Recently the Prince’s Trust scheme at our local college approached our Deaf Children’s Society. They explained that they had ‘learners’ aged between 16 and 25 completing a twelve week programme with them. As one component of the course the ‘learners’ needed to participate in ‘bag pack’ at a local supermarket to raise funds for a local charity and then use the money to provide that charity with an event. So they asked; would we be interested? Well we never say no to a good event!
So, one evening we found ourselves in the bowling alley with 10 pre-teen deaf children, some who use speech, some who use sign and some who happily flip between both, waiting to meet up with the 7 ‘learners’ currently working through the Prince’s Trust scheme, and their leader. The people from the PT scheme had just come from a day’s work digging but were full of life and enthusiasm.

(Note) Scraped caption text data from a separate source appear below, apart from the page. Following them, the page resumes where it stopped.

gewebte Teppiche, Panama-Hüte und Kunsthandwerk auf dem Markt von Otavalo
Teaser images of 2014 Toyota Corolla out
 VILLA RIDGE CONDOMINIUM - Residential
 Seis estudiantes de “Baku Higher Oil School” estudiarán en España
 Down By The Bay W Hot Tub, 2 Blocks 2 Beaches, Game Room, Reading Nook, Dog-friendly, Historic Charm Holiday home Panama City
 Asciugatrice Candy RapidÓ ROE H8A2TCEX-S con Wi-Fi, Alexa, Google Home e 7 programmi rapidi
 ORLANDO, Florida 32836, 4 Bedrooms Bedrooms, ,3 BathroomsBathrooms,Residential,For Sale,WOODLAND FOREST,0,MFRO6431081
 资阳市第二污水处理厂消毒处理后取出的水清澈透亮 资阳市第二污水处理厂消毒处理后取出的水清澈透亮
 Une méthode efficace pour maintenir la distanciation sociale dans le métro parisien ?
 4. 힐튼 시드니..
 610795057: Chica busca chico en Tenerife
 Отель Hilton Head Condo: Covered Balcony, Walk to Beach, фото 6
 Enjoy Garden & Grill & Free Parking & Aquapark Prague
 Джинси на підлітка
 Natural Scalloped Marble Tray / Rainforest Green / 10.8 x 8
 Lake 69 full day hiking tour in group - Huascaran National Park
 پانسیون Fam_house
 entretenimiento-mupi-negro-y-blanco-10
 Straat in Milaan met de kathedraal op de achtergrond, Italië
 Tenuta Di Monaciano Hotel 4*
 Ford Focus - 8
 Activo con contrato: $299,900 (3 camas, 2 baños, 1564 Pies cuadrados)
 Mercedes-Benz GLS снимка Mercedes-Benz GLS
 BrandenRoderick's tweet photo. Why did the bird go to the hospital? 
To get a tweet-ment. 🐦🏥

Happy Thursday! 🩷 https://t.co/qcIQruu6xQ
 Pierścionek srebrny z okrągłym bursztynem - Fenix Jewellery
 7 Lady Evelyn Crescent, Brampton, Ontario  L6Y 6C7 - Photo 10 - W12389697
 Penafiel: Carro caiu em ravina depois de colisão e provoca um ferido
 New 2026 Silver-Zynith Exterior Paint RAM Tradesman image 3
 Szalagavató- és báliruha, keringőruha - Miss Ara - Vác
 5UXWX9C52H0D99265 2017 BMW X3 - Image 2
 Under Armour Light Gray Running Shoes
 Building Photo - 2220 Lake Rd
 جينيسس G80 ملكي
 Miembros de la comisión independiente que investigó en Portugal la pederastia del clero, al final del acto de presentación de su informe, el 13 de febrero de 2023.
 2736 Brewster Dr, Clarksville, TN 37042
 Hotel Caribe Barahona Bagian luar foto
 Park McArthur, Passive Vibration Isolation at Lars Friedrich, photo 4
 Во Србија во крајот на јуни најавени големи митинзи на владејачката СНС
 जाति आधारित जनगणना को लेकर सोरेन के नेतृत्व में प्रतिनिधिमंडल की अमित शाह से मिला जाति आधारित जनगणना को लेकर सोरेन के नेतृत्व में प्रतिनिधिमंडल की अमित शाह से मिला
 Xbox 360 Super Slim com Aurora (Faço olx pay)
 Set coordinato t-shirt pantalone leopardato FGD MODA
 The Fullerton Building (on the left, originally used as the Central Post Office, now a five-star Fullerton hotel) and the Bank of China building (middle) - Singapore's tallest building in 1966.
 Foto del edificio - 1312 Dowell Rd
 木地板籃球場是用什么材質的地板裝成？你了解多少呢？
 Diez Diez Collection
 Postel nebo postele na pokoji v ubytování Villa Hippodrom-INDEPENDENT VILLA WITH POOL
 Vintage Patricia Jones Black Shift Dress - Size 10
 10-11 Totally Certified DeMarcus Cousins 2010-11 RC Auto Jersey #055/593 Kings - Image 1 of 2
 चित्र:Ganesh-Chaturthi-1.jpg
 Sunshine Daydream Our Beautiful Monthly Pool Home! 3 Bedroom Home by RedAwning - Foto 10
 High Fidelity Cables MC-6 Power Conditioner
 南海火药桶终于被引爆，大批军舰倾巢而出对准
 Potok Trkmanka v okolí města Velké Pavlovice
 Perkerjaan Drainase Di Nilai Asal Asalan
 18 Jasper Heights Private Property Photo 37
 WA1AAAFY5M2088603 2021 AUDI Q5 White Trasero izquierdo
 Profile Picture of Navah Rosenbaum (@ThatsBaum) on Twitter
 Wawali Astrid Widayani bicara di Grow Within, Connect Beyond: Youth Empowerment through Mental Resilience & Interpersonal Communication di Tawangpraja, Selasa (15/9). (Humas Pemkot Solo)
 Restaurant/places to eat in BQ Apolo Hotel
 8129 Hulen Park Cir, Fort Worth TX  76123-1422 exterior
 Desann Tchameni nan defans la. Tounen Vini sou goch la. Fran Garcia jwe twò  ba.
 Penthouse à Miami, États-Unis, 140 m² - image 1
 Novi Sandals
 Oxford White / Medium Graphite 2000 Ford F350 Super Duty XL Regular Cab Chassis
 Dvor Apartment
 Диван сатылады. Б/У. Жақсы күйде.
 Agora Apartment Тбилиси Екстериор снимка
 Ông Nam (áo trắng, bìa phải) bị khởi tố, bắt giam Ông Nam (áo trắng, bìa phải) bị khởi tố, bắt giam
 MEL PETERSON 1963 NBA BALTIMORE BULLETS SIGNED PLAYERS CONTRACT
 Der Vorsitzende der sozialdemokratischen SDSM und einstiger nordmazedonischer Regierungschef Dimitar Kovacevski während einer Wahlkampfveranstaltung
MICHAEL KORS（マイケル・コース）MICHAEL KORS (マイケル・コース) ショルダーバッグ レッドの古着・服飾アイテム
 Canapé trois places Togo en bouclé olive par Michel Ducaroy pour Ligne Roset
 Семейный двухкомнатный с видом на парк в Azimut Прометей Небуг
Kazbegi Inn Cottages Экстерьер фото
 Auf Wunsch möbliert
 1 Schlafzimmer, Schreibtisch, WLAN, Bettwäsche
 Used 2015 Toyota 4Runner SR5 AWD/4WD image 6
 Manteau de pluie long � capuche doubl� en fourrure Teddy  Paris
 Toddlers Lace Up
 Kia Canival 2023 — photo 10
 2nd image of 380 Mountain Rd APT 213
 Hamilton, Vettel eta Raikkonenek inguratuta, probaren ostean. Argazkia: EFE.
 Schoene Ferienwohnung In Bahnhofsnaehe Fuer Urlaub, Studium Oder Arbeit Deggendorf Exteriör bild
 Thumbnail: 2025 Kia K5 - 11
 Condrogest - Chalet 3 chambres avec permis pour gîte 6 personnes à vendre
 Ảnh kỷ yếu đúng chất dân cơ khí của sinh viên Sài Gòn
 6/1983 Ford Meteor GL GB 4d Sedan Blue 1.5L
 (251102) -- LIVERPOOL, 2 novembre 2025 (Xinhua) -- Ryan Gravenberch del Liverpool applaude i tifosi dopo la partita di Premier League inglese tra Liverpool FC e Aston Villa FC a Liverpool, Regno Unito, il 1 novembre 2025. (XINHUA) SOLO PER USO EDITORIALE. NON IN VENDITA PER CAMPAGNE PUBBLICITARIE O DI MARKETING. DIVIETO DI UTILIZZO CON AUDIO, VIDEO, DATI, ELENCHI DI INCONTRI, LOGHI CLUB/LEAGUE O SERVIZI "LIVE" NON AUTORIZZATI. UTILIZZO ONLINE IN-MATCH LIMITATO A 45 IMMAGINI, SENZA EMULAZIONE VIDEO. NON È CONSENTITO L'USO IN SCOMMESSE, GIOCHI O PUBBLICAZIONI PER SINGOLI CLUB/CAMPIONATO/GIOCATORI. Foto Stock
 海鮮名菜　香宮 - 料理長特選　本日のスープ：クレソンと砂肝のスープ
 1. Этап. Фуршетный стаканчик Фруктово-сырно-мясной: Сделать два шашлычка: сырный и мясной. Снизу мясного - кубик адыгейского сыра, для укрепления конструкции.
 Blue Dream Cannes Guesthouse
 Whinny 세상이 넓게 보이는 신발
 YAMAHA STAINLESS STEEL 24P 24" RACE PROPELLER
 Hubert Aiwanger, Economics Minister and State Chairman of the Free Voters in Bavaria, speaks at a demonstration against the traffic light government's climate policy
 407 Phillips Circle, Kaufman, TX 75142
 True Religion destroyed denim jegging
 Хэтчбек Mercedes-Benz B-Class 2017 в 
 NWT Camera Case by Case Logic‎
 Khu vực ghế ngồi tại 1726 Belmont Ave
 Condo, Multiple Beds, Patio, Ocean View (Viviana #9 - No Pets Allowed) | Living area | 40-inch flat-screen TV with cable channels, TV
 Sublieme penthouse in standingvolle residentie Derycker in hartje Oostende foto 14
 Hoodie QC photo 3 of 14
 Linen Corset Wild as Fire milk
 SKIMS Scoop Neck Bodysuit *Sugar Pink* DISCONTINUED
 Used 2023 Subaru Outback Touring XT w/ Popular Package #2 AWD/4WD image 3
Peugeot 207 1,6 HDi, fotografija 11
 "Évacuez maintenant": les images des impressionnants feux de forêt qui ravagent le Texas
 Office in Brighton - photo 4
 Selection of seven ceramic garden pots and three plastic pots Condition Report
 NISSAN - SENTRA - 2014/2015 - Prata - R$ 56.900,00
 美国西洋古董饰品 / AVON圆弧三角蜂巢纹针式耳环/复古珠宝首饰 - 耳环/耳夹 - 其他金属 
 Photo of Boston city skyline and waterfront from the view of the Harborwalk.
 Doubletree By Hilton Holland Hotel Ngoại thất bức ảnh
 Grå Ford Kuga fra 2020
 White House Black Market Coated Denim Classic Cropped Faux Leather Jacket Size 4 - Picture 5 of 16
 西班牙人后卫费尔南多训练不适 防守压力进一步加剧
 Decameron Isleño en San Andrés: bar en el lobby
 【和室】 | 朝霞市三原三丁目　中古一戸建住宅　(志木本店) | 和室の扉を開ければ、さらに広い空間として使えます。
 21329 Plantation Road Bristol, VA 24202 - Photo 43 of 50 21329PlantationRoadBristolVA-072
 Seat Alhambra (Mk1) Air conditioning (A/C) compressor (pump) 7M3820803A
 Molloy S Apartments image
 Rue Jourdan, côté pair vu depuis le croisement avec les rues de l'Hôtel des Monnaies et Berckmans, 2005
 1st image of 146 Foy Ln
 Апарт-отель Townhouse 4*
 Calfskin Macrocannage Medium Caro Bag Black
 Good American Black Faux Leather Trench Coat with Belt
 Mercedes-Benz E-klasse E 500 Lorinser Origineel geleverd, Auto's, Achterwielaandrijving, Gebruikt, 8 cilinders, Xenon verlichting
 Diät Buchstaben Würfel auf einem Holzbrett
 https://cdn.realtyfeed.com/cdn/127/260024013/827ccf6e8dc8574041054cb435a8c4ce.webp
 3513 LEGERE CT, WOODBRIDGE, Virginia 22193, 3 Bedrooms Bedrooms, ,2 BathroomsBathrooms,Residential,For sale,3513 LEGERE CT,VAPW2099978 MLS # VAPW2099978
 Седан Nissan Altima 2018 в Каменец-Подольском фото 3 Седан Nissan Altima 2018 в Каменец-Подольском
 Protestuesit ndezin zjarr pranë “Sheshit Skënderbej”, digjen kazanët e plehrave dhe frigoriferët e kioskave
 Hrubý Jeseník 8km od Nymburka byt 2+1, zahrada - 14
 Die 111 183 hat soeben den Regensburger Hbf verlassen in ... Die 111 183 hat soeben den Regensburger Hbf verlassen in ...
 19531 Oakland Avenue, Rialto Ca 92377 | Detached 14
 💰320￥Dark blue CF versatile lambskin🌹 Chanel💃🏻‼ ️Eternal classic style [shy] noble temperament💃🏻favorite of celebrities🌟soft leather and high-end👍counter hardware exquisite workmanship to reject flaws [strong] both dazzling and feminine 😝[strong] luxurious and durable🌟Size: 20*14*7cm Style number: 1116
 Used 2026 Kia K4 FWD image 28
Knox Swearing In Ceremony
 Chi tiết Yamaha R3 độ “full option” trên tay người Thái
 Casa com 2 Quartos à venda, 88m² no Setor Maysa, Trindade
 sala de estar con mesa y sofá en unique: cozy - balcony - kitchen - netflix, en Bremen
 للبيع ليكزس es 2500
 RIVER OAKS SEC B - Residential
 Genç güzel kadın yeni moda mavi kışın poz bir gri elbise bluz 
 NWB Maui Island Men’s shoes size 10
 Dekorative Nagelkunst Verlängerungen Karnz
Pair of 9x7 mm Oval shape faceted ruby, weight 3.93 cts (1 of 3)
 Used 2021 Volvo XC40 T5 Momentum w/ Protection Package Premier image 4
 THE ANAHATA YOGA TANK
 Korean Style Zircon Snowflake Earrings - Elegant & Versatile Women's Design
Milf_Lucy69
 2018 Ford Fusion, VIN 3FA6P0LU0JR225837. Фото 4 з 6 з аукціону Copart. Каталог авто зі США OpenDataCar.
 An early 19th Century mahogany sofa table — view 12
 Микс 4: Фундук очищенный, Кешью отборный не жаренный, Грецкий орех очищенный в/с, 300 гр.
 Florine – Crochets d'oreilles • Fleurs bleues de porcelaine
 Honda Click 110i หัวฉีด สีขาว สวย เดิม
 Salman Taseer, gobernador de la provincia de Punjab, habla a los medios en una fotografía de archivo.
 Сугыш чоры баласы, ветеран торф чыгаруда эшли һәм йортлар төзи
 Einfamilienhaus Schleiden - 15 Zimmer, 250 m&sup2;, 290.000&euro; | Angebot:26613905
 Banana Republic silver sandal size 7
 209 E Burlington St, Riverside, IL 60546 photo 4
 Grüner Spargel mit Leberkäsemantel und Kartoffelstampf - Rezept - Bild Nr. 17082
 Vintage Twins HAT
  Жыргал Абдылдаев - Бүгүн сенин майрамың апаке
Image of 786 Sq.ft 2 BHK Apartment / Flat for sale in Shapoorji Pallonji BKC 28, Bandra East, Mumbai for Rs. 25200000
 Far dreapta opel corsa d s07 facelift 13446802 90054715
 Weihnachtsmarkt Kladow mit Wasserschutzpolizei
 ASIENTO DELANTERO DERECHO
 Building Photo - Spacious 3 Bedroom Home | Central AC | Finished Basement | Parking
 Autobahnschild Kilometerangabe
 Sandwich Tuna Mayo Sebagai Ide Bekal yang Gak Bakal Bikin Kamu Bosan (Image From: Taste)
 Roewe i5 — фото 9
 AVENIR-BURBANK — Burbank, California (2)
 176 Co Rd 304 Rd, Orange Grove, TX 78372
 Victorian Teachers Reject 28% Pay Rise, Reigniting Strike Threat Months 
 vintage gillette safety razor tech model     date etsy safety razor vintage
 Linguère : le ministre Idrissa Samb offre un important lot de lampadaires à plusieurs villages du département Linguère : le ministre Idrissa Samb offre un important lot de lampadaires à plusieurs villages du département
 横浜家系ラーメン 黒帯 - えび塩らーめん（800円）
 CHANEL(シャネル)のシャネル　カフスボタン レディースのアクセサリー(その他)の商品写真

To integrate the two camps we split our children across three lanes with some learners on each lane too. To begin with there was still an awkwardness that is both typical and natural when any two groups meet. The learners laughed and joked with each other and our kids signed, spoke and enjoyed the opportunity to socialise together. Our children daunted by the fact that the learners were older, the learners seemingly unsure of how to initiate or join in with our children who were busy talking to each other using voices and hands.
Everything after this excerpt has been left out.